LIL’ Eazy-E’s single “Gangsta Sh -- “ went into rotation on Power 106 three weeks ago and has been generating positive buzz. The single won’t be for sale until November, but its slinky “G-funk” backing track -- and Wright’s assertion, “I’m the son of a rap legend, Eazy-E!” -- have created a wider consciousness about his intentions.

“Lyrically, he’s dope,” said Coquia, the station’s music director, giving the rapper one of hip-hop’s highest compliments. “It sounds just like young Eazy.”

According to Coquia, excitement has been building for a rumored N.W.A “reunion” track.

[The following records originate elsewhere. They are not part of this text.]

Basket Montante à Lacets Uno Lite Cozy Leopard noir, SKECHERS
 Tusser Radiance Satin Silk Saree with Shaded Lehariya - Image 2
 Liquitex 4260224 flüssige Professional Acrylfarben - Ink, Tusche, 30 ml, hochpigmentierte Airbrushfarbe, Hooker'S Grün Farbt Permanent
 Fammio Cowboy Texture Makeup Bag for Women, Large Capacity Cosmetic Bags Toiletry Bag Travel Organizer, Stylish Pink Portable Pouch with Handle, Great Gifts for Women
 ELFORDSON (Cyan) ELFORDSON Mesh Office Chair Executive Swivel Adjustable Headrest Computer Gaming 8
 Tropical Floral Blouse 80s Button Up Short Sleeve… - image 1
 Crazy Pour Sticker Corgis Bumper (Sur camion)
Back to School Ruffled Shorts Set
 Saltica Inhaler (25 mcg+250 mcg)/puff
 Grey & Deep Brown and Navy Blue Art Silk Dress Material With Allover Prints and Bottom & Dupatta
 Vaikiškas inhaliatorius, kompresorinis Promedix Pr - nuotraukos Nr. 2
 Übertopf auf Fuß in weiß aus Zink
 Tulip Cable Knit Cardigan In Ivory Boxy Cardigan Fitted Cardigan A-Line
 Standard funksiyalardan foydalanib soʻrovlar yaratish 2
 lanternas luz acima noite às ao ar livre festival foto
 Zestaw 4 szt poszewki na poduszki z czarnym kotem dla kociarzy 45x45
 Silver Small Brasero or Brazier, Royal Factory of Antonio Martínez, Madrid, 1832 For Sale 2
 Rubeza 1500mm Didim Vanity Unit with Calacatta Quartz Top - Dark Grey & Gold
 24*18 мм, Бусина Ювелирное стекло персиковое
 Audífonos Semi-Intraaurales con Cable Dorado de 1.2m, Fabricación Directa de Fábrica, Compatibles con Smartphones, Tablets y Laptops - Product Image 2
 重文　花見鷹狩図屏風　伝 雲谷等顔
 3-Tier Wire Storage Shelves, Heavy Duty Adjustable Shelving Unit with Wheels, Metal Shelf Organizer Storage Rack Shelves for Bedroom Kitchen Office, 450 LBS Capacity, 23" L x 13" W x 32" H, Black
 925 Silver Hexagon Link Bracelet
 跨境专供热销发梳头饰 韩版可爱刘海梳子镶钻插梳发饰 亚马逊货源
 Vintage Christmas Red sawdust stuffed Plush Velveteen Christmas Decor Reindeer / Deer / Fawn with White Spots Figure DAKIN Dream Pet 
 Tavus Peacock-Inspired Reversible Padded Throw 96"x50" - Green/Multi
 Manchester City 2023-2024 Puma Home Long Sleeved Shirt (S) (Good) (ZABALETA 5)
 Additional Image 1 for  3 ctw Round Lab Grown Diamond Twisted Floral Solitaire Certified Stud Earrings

“A lot of the feedback I’ve been hearing in the streets is about him getting back with the original members of N.W.A,” he said. “That’ll be big. People have been waiting on that -- not just on the West Coast, across the whole country. If that record comes out, it’ll be an event.”

So far, only Ice Cube has participated on the album; he functions as a kind of gangsta narrator on the song “Drive By.” But according to Wright Jr., MC Ren and Dr. Dre have expressed an interest in appearing on “Prince” and are trying to find time to join him in the studio.

Advertisement

“This is a new generation of gangsta rap,” said Wright, hunched behind a vast mixing board at the recording studio. “Gangsta rap died with the person who started it -- my father. It needs a second coming.”